The press was also so disconnected from the public that it failed to indicate why people were so anxious about asylum seekers when there had been no increase in the number of applicants in several years. The only change had been that more asylum seekers were lodging their applications onshore after travelling to Australia by boat. Our current research project attempts to identify how a deeper understanding of these community concerns could help journalists better address the public’s information needs. The QUT program attempts to use a variety of strategies—stakeholder consultations, community forums, town hall meetings, and focus groups.
Early research identified some significant trends. Public support for refugees accepted through offshore programs was increasing at the same time support was falling for asylum seekers attempting to reach Australian shores by boat. There was, however, little evidence of this nuance in media coverage. Although government policies have greatly reduced the arrival of boat refugees (since 2001 only one boat has arrived), nothing has been done to address the underlying social roots of the public’s particular con¬cern about asylum seekers arriving by boat.
Citizens might work through these issues better if the news they received included the following: more information about the political problems that prompted the increase in the asylum seekers arriving by boat, their experiences, how claims are processed, how Australians might determine whether boat refugees are a threat or a useful addition to society, and what alternative responses Australians might make to their arrival.
To test these ideas we initiated a pilot program, “New Horizons, New Homes,” three 30-minute programs that aired on community radio in March.
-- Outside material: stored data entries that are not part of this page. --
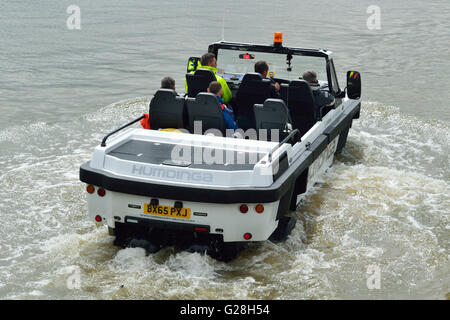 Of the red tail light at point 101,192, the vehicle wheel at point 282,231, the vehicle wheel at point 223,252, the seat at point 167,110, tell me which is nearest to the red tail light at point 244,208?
the vehicle wheel at point 223,252

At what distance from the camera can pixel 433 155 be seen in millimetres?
9695

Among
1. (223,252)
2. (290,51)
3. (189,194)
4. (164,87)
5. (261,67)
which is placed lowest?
(223,252)

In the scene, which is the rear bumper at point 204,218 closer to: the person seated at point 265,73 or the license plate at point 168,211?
the license plate at point 168,211

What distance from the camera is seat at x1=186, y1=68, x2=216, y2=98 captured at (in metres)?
7.38

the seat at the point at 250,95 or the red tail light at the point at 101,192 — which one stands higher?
the seat at the point at 250,95

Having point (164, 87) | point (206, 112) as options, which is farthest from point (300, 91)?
point (164, 87)

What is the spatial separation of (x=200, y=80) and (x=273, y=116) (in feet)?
4.04

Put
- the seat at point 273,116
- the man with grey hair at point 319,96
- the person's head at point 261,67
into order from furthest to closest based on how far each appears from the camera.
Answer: the man with grey hair at point 319,96 < the person's head at point 261,67 < the seat at point 273,116

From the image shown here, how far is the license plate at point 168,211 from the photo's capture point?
5.57 m

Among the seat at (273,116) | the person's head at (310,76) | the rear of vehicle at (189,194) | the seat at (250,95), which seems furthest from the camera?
the person's head at (310,76)

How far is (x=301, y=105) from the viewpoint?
24.6 ft

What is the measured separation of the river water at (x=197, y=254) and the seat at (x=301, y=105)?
910 mm

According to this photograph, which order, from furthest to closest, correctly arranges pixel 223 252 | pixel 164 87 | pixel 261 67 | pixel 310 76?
pixel 310 76 < pixel 261 67 < pixel 164 87 < pixel 223 252

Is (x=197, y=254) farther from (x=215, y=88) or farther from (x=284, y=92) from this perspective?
(x=284, y=92) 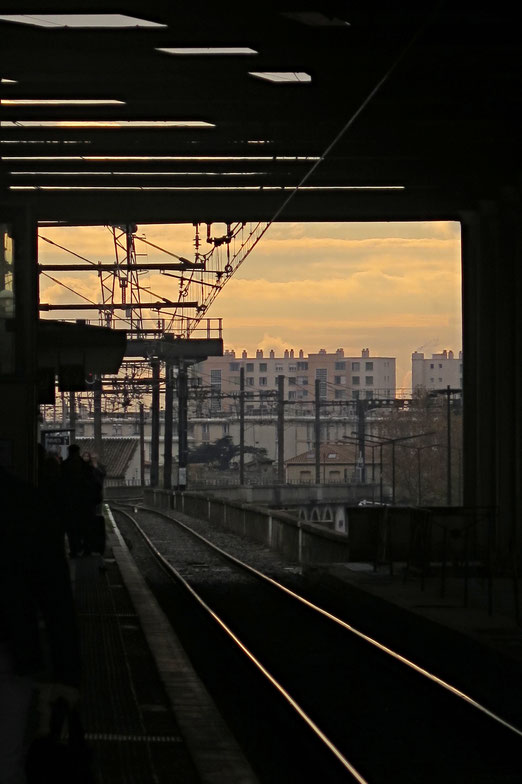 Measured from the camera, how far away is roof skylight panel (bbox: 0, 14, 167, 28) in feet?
48.3

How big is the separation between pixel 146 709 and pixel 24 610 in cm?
600

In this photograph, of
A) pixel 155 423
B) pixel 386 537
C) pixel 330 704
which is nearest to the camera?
pixel 330 704

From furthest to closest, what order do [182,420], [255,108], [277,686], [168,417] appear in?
[168,417] → [182,420] → [255,108] → [277,686]

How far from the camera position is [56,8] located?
565 inches

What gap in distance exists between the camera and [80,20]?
14.8m

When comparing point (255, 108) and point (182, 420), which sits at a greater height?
point (255, 108)

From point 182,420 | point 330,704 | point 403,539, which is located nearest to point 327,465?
point 182,420

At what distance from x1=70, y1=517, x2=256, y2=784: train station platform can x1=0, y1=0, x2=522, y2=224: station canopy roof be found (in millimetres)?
5330

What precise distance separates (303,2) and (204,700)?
274 inches

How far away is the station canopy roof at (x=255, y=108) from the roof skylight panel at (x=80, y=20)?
2cm

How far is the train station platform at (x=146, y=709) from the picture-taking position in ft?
26.0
These productions taught students a great deal, as they had to learn to frame issues, manage and condense a variety and volume of information, and maintain their objectivity and impartiality while doing so.
Balance was a problem. News coverage of the boat people has been largely negative, but few formal groups exist with overtly anti-immigration stances and even fewer were willing to go on the air in support of current or increased government restrictions. This is contrary to the situation in the United States where anti-immigrant groups abound. At the same time, government officials were reluctant to speak with student journalists in detail—making it hard to obtain alternative viewpoints from formal institutions on the issue. This situation, however, had an unexpected benefit, in that it forced students to engage more directly with the local community. Students spoke to more than 130 citizens, and, from those discussions, selected and aired a range of comments that typified community concerns.
In the longer term, this project will explore strategies to build journalism’s role as a mediator of community politics. New models of journalistic practice may ultimately produce better solutions for Australian communities and strengthen Australia’s social fabric.
Angela Romano is a senior lecturer in Journalism at the Queensland University of Technology.